Bonjour,
1/ Le droit
Les violences conjugales peuvent être prises en considération afin de vous permettre d'obtenir une protection ainsi qu'un accès facilité à un logement, même si vous n'avez pas encore engagé de procédure de
divorce ou de séparation de corps.
Vous n'êtes donc pas tenu d'attendre qu'une procédure de séparation soit engagée ou qu'un jugement soit rendu pour entreprendre des démarches destinées à vous protéger et à rechercher une solution de logement.
Vous pouvez notamment saisir en urgence le juge aux affaires familiales afin de solliciter une ordonnance de protection, conformément aux articles 515-9 et suivants du Code civil.
Si le juge considère que les violences alléguées sont vraisemblables et qu'il existe un danger pour vous ou, le cas échéant, pour vos enfants, il peut prononcer différentes mesures de protection.
Il peut notamment :
attribuer la jouissance du logement familial à la victime des violences ;
imposer au conjoint violent de quitter le domicile ;
interdire à l'auteur présumé des violences d'entrer en contact avec la victime ;
organiser provisoirement les modalités d'exercice de l'autorité parentale ;
prendre différentes mesures destinées à assurer la protection de la victime et des enfants.

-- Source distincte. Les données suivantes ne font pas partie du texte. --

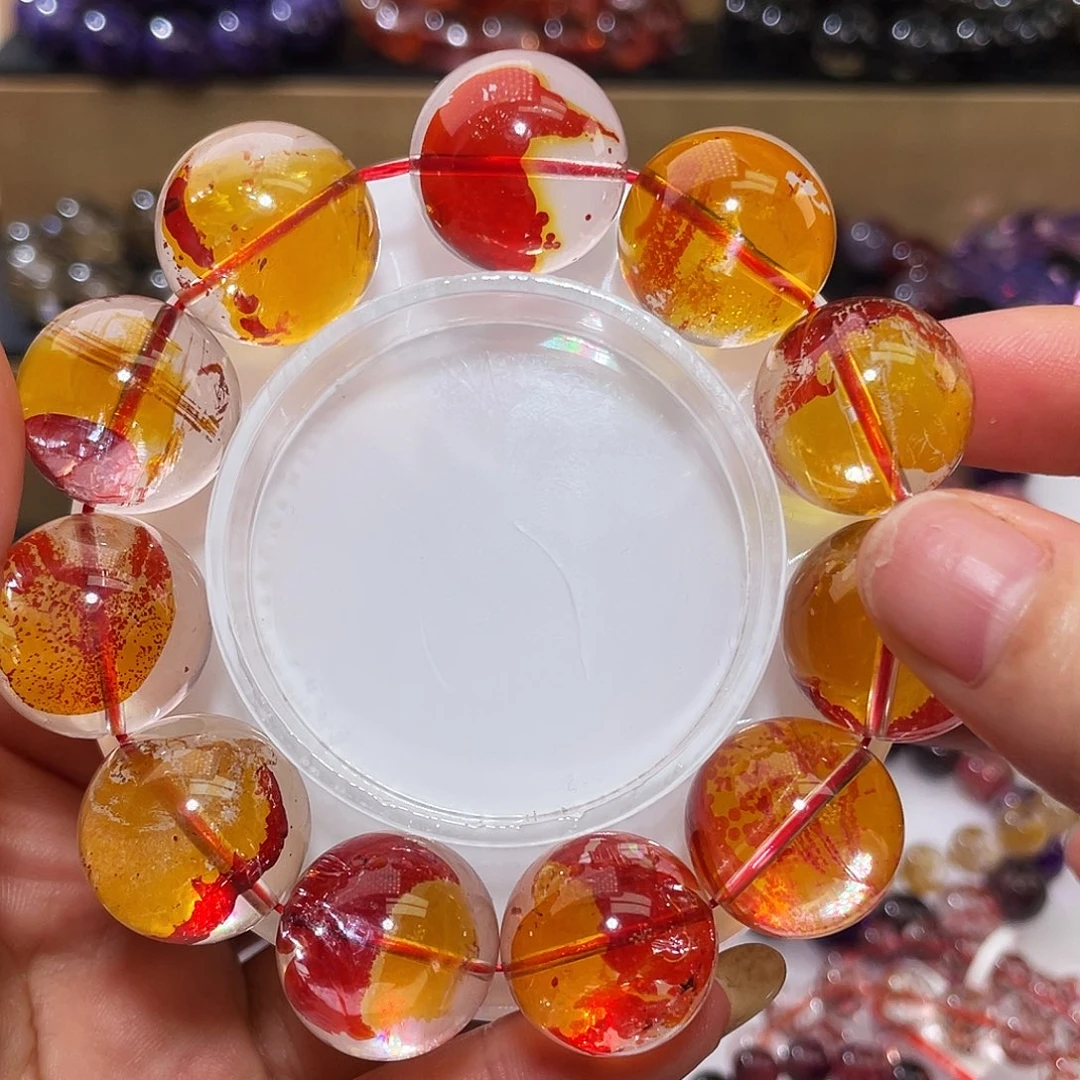 未镶嵌手链水晶锦鲤浇花19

L'ordonnance de protection peut ainsi vous permettre de demeurer temporairement dans le logement du couple ou de bénéficier d'une protection pendant la recherche d'un autre logement.

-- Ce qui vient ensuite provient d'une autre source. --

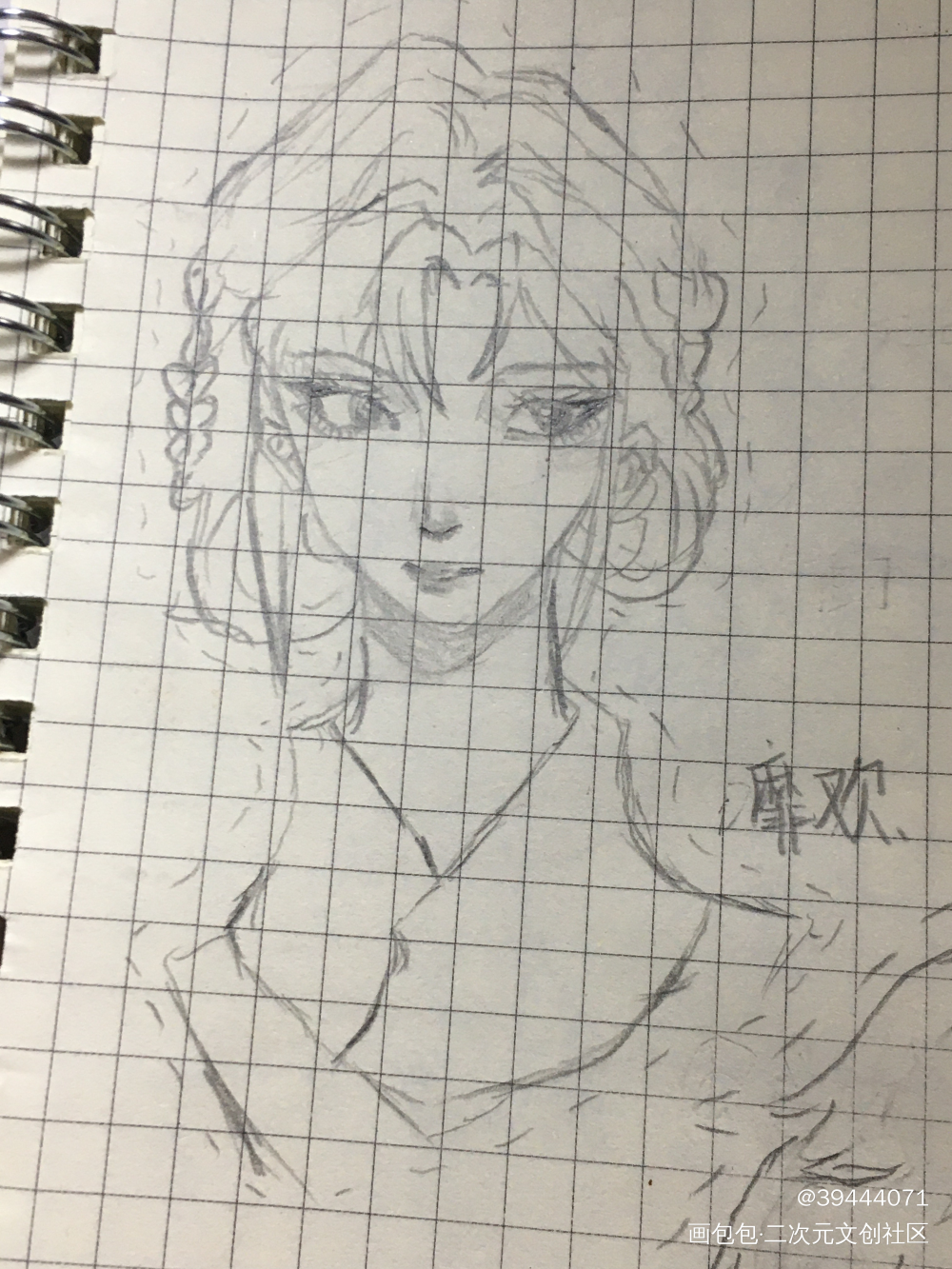 漂亮妹妹_手绘古风绘画作品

Concernant l'accès au logement social, vous pouvez déposer une demande même si aucune procédure de divorce ou de séparation de corps n'a encore été engagée.
Toutefois, afin que votre situation de victime de violences conjugales soit officiellement prise en compte et que vous puissiez bénéficier de certains dispositifs particuliers, des justificatifs peuvent être nécessaires.

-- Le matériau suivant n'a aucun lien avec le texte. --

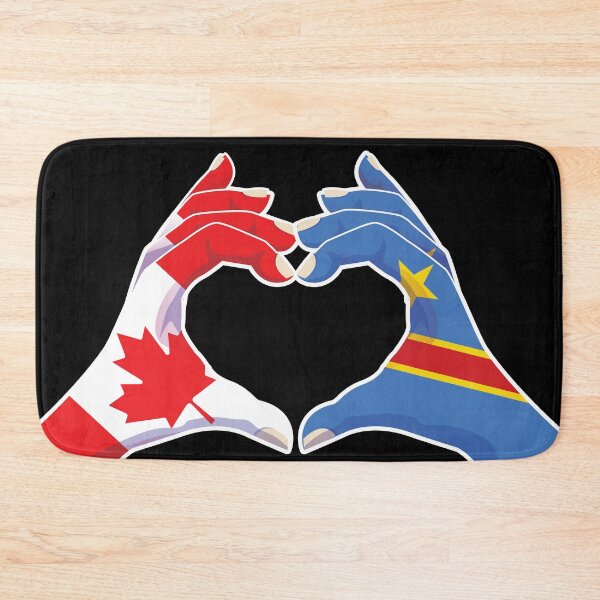 Item preview, Congo Congolese Canadian Canada Love Heart Peace designed and sold by FlagX.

Selon votre situation, une plainte, une ordonnance de protection ou tout autre document prévu par les textes peut notamment permettre que seules vos ressources personnelles soient prises en compte, sans intégrer celles de votre conjoint.
Ces justificatifs peuvent également faciliter la reconnaissance du caractère prioritaire de votre demande, permettre la prise en compte de l'ancienneté d'une demande antérieure ou ouvrir l'accès à un accompagnement renforcé.
2/ Les solutions
Vous pouvez dès à présent déposer une demande de logement social, même si vous n'êtes pas encore séparé juridiquement et même si aucune procédure de divorce ou de séparation de corps n'a été engagée.
Vous pouvez également solliciter une solution d'hébergement d'urgence si vous êtes en danger ou si vous devez quitter rapidement le domicile.
Afin de renforcer votre dossier et de permettre une meilleure prise en compte de votre situation, il est recommandé, lorsque cela est possible, de réunir les éléments permettant d'établir ou de rendre vraisemblables les violences.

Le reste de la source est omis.